3.2 Récit culturel et d’affiliation

Seuls, Jean, Abdel et Mimoun émettent des projets d’avenir dans une continuité familiale soit manifeste, soit plus latente.

Abdel s’identifie à un de ses frères plombier. Mimoun irait travailler avec son père ou son frère aîné et Jean veut prouver sa réussite à toute la famille.

Ce retour aux affiliations se greffe sur un étayage, voire une incorporation de la socialisation des frères ou du père. Cette prise en compte des héritages pourrait être comprise comme un mouvement de désaffiliation-réaffiliation.

Ce double mouvement qualifie le double mouvement adolescent dont nous avons parlé avec le roman de Wadji Mouawad, Le visage retrouvé. Le premier temps de l’étrangeté, de la confrontation à l’étranger en soi et en l’autre se transforme en reconnaissance de l’autre en soi. Le désinvestissement du projet parental évolue vers la découverte de la continuité transgénérationnelle en soi.
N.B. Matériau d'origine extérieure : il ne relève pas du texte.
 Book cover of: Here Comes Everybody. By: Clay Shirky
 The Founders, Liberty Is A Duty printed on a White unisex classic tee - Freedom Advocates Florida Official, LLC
Le roman prend fin quelques années plus tard, le héros a 19 ans, il travaille et vit seul. Il se rend à l’hôpital où sa "mère retrouvée" vit ses derniers jours empêchant à tout jamais un éventuel retour dans le ventre maternel.
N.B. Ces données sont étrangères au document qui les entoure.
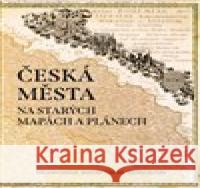 Česká města na starých mapách a plánech Zdeněk Kučera 9788076425460 Pangea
Cependant, je me dois de pointer là le travail souterrain de la mélancolie. Le futur est indicible, ne peut se figurer.

Taïr ne peut envisager un projet de sortie du quartier car il a trop peur d’y revenir. Malek aurait aimé faire des études mais à 19 ans, c’est trop tard. Mario passe son bac mais ne peut rien dire d’un souhait quant à son avenir.

Adjib veut redevenir un mec blanc…

Le versant mélancolique entrave la pulsion de vie alors que la violence tend à renouer avec l’environnement.